Soft Prescribed Performance-Based Reinforcement Learning Control for a PAM-Actuated Rehabilitation Exoskeleton
针对康复外骨骼训练中性能约束与系统退化间的冲突,提出一种软预设性能的强化学习控制方法,通过动态调整安全边界确保高精度和安全运行,实验验证了有效性。
In a rehabilitation exoskeleton, stable and safe operation is of central importance in rehabilitation training. This article develops a soft prescribed performance (SPP)-based reinforcement learning (RL) control method to address the conflict between performance constraints and system degradation, ensuring high accuracy and safe operation. First, a tunnel-type prescribed performance function is used to achieve faster convergence and smaller overshoot. Safety boundaries are used to define the tolerable error range, and an intermediate system links the safety and soft boundaries. The soft boundaries are dynamically adjusted to ensure safe operation by temporarily relaxing constraints during performance degradation.

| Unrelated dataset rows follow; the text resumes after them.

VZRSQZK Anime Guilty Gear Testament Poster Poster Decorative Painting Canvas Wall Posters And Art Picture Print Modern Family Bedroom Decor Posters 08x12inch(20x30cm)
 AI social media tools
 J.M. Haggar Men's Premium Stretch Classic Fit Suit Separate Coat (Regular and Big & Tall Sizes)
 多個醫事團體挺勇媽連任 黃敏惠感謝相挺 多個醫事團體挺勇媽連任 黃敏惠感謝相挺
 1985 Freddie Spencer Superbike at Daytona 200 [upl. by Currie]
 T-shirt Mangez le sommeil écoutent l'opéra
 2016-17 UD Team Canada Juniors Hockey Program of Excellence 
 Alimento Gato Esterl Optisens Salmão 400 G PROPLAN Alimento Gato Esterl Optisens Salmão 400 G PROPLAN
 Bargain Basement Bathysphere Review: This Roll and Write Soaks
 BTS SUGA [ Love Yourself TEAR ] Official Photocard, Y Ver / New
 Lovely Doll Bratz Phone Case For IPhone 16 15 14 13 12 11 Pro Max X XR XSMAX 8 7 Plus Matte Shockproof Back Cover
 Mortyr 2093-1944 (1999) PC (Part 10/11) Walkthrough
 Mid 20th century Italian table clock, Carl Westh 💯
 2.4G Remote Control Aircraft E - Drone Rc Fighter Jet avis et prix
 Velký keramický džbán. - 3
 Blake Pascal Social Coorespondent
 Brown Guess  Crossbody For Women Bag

An RL approach based on an actor-critic (AC) structure is employed to handle unknown lumped disturbance. Theoretical analysis confirms the stability of the closed-loop system. Furthermore, a series of experiments is conducted on a self-built upper-limb rehabilitation exoskeleton robot driven by pneumatic artificial muscles to validate the effectiveness and robustness of the proposed method.